Document Type

Article

Publication Date

11-2023

Journal Title

Law and Contemporary Problems

Abstract

Managerial governance is often operationalized through outsourcing the regulatory function from public institutions—for example, administrative agencies—to private organizations. In virtually any sector, it is possible to identify private “regulatory intermediaries” that step between public agencies and regulated parties to perform tasks traditionally played by government actors—for example, the development of regulatory standards, auditing, compliance assurance, enforcement, and more.
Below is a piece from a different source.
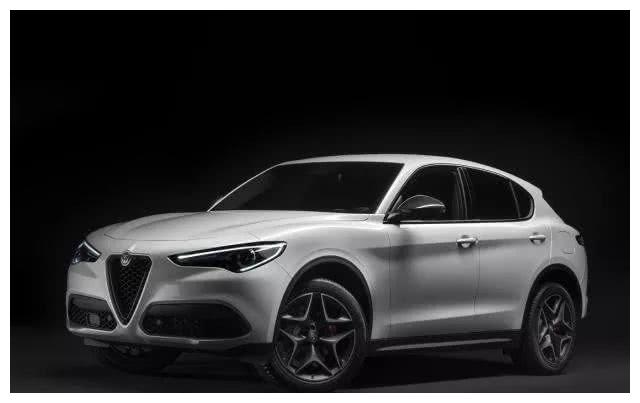 最美轿跑suv阿尔法罗密欧stelvio三叶草中网3998万起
Although this reliance on private regulatory intermediaries may in some cases be highly advantageous to government institutions since it may sometimes allow government agencies to do more regulatory work than their own resources and capacity might allow—it comes at significant costs of runaway managerialism and a gradual withering away of public values in regulatory governance. As independent organizations operating in the twilight between public regulatory agencies and regulatory targets and beneficiaries, private regulatory intermediaries have both the incentives and the discretion to facilitate an undiluted managerial ethos in the regulation of entire sectors of industry.

This article argues that it is time for the public to reclaim regulatory intermediation from managerialism and redirect it towards public values—that is, those shared by the broader community rather than by some organization or industry sector within the community. However, even if this is a worthy goal, there are deeply rooted institutional challenges to realizing it, including a lack of consensus about what is in the public interest. If managerialism is to be curbed in private regulatory intermediation, it will have to be through institutional and procedural reforms that open contestatory spaces within regulatory intermediation where managerialism’s hegemony can be checked by competing value structures advanced by the public.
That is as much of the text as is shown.